In [1]:
import pandas as pd
from sklearn.feature_extraction.text import TfidfVectorizer
from transformers import BertTokenizer, BertModel
import torch
import pickle
import numpy as np
print("Libraries are Loaded")

Libraries are Loaded


In [2]:
# Load the preprocessed data into a DataFrame
data = pd.read_csv('preprocessed_data.csv')

In [3]:
# Fill NaN values in 'Title' and 'Abstract' columns with empty strings
data['Title'] = data['Title'].fillna('')
data['Abstract'] = data['Abstract'].fillna('')

In [4]:
# Extract the 'Title' and 'Abstract' columns
titles = data['Title'].tolist()
abstracts = data['Abstract'].tolist()

In [5]:
# BERT Tokenizer and Model
tokenizer = BertTokenizer.from_pretrained('bert-base-uncased')
model = BertModel.from_pretrained('bert-base-uncased')

In [6]:
def get_bert_embeddings(texts):
    embeddings = []
    for text in texts:
        # Ensure that the input is a list of strings
        if isinstance(text, str):
            inputs = tokenizer(text, return_tensors='pt', max_length=512, truncation=True)
            outputs = model(**inputs)
            last_hidden_states = outputs.last_hidden_state
            mean_pooled = torch.mean(last_hidden_states, dim=1).squeeze().detach().numpy()
            embeddings.append(mean_pooled)
        else:
            # If the input is not a string, append a placeholder embedding
            embeddings.append([0.0] * 327)  # Change 768 to the actual size of BERT embeddings
    return embeddings


In [7]:
# Get BERT embeddings for titles and abstracts
title_embeddings = get_bert_embeddings(titles)
abstract_embeddings = get_bert_embeddings(abstracts)

In [12]:
# Save the BERT embeddings as pickle files
with open('title_bert_embeddings.pkl', 'wb') as f:
    pickle.dump(title_embeddings, f)

with open('abstract_bert_embeddings.pkl', 'wb') as f:
    pickle.dump(abstract_embeddings, f)

print("Data saved successfully as ")

Data saved successfully as 


In [13]:
# Create DataFrames for titles and abstracts with embeddings
title_data = pd.DataFrame({'Title': titles})
title_data['Embeddings'] = pd.DataFrame(title_embeddings).values.tolist()

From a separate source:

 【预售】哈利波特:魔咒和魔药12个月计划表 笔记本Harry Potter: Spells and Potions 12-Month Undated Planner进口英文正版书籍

abstract_data = pd.DataFrame({'Abstract': abstracts})
abstract_data['Embeddings'] = pd.DataFrame(abstract_embeddings).values.tolist()


In [14]:
# Concatenate the embeddings with the original DataFrame
titleData = pd.concat([title_data['Title'], pd.DataFrame(title_data['Embeddings'].tolist(), columns=[f'embedding_{i}' for i in range(768)])], axis=1)
abstractData = pd.concat([abstract_data['Abstract'], pd.DataFrame(abstract_data['Embeddings'].tolist(), columns=[f'embedding_{i}' for i in range(768)])], axis=1)


In [15]:
# Save DataFrames to CSV files
titleData.to_csv('title_data_with_embeddings.csv', index=False)
abstractData.to_csv('abstract_data_with_embeddings.csv', index=False)